Não foi uma mudança banal. Foi, em muitos sentidos, uma retirada do espaço público crítico. Zeinal Bava, que presidia à Meo, uma empresa pública gerida com o dinheiro dos contribuintes e sob a tutela do mesmo Governo em colapso, tomou a decisão de os afastar da televisão generalista e do seu horário de maior visibilidade, para um espaço mais controlado, menos exposto.

Este movimento teve consequências políticas graves. Ao retirar do espaço público uma das vozes mais relevantes de crítica a Sócrates, facilitou-se a governação de um poder cada vez mais fragilizado e menos escrutinado. O humor, que deveria funcionar como um controlo democrático, silenciou-se precisamente quando mais era necessário.

Enquanto contribuinte, não posso deixar de perguntar-me: terá sido esta a melhor aplicação do meu dinheiro? Será aceitável que os impostos dos portugueses tenham servido para tirar do debate público um grupo que ajudava a fiscalizar o poder? E, enquanto isso, Sócrates continuava a gastar milhões em parcerias público-privadas duvidosas, em estudos para o TGV e em aeroportos que nunca passaram de projectos.

Hoje, quando a sátira se apressa a apontar o dedo aos novos alvos — da direita radical ao populismo — pergunto: onde esteve a crítica quando o poder estava com Sócrates? Por que razão não houve coragem para abordar as questões que então pesavam sobre o Governo?

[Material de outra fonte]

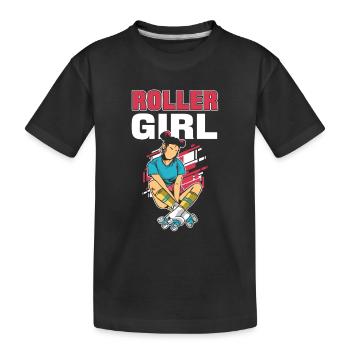 Roller Girl Roller Skating Skater Rollerblades - Kinder Premium Bio T-Shirt - Schwarz - Vorne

O silêncio dos Gato Fedorento na derrocada de Sócrates não foi um lapso, uma distração. Foi uma escolha consciente pois ainda tinham caído no espírito atual de serem "fortes com os fracos", na altura não perseguiam Gonçalo da Câmara Pereira, Joana Amaral Dias e afins... Esta opção de acordarem com Zeinal Bava a sua ausência do espaço público, afastou uma voz essencial da fiscalização política, trocando-a pelo conforto e segurança de um projecto pago com dinheiros públicos. E o país, que tanto riu com eles, ficou sem ninguém a rir por ele.